In what some describe as the “Wild West Days,” Cripple Creek casino architects, developers and even citizens often clashed with preservation and city officials in heated, marathon sessions in the early 1990s, as renderings of historic buildings becoming the lead standard at all costs for current and future projects.  Those earlier memories were rekindled on April 5 during a rare, tumultuous council session.

The good news: No casualties or injuries occurred, following the  latest sign showdown that resulted in the overturning of a previous recommendation by the historic preservation commission.  The bad news:  Bruised egos definitely ensued as the city council made it clear that 1950s-style art deco displays don’t belong in the downtown district. City officials say that even with the ongoing hotel construction boom, the town must retain its historic character in maintaining the period of significance that peaked in the post-mining, Victorian era from 1896 to 1910.

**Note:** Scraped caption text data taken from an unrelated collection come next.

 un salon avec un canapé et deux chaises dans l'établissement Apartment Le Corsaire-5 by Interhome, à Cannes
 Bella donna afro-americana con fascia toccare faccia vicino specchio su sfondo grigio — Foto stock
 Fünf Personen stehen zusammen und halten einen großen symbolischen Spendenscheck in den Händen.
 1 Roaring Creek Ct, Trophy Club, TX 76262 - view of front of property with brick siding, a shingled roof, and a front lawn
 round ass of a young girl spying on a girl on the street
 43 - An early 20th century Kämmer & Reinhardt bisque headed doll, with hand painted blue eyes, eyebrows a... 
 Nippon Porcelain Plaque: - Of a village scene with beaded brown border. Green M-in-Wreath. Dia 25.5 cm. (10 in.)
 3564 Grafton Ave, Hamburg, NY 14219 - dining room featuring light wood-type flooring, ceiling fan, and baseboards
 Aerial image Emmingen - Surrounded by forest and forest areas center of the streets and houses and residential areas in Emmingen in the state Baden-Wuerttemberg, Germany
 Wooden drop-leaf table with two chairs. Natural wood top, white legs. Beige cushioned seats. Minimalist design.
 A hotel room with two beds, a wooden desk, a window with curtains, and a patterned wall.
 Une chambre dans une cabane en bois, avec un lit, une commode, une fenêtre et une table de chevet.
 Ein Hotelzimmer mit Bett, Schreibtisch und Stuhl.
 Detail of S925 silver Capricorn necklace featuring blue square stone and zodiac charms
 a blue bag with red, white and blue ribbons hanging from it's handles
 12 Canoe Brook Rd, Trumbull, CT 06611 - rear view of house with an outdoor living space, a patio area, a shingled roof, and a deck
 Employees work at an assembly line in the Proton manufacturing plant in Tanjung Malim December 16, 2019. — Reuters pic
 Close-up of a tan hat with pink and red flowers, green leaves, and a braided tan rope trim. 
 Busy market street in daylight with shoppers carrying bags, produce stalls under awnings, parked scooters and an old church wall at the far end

At issue was a new bold,  240-square-foot, electronic sign display proposed by Century casino that introduced a more colorful, art deco look to the main street, and one that would try to compete with pending signs possibly prepared by the massive Chamonix resort. There is no question that this display would make Century stand out more.

“We think the sign looks fantastic,” said Eric Rose, the general manager of Century Casino Cripple Creek. “It is not going to take away from the historic character.”

In addition, he noted that the historic preservation commission approved their design at an earlier meeting, with no significant concerns.

Plus, Rose argued that the historic character of this part of town is bound to change, with the new Chamonix project, a nine-story hotel, parking garage and addition for  Bronco Billy’s.

The casino’s sign consultants also contended that art deco was a feature of the 1910 period.  They also cited a few 1950s-style signs already approved in the town. “We want to  make sure Century is seen,” said a representative of the sign company, DaVinci Sign Systems.

DaVinci representatives also noted that the economic impacts need to come into play, and the city shouldn’t take action that would endanger the probable success of the Century casino. They argued in favor of a fair playing field, claiming that the city has given Bronco Billy’s an unfair advantage in the doing  a project that clashes with current preservation standards.

We Are a Historic town

But these arguments didn’t get a warm response from city officials and the council. In the staff report, Renee Mueller, the city’s planning and historic preservation coordinator, feared a pending sign war if the display was approved. She quoted comments made by Century representatives to the tune of ‘I’ve seen the bids for Full House. If you think this is big, I think it’s miniscule compared to what Full House will do with their hotel entrance.’  “This is exactly the point,” responded Mueller. “The approval of this non-conforming design could start the race to who can have the biggest and brightest sign on Bennett Ave., ignoring the fact that there is a strict criterion for the historic district in the B (business) zone.”

At last week’s hearing, Mueller went further and noted that the city could lose its historic landmark status, if it allowed huge electronic signs that didn’t adhere to Cripple Creek’s period of historic significance. “I think we made a mistake,” blasted Mueller, in describing the March meeting in which the preservation commission gave the okay for a certificate of appropriate designation for the new sign display. Mueller explained that she couldn’t attend the meeting  and contended that the Zoom connection was difficult, so her denial recommendations were not truly understood.

Her lengthy presentation, via Zoom at last week’s council meeting, was eventually cut short by City Administrator Frank Salvato.

In their deliberations, the council  clearly sided with the concerns raised by Mueller, and noted that the non-conforming signs cited by Century were approved well before gaming. “We are in a historic district and I want to  keep it that way,” said Councilman Tom Litherland

“I don’t want to get into a sign war,” said Mayor Pro Tem Melissa Trenary. She and other council members feared the loss of the town’s national landmark status, if it  opened the door for more modern, signs that clashed with the town’s historic character. Trenary urged Century to explore a different design that blended in better with the town’s historic look.

But Rose countered that times have changed with the arrival of a mega resort. “It is important to allow some new signs. This is growth,” said Rose.

Councilman Bruce Brown, who served as the previous mayor for 10-plus years, believes that new sign displays need to be examined on a case-by-case basis. He also stressed that the non-conforming signs, cited by the consultants for Century, were installed before the city enacted an official historic preservation ordinance.

Councilman Jared Bowman cited the importance of adhering to standards of the town’s national historic landmark status. “We shouldn’t risk that.”

The council’s  move to deny the pro-sign display recommendation by the historic preservation commission was approved unanimously.

But all is not lost for Century casino in their current sign battle. The elected leaders indicated they didn’t have a problem with the size of the sign, and their objections dealt with the design. If the Century casino representatives plan to revisit this issue, they would just need to get the approval of a new design and seek a variance for the sign installation.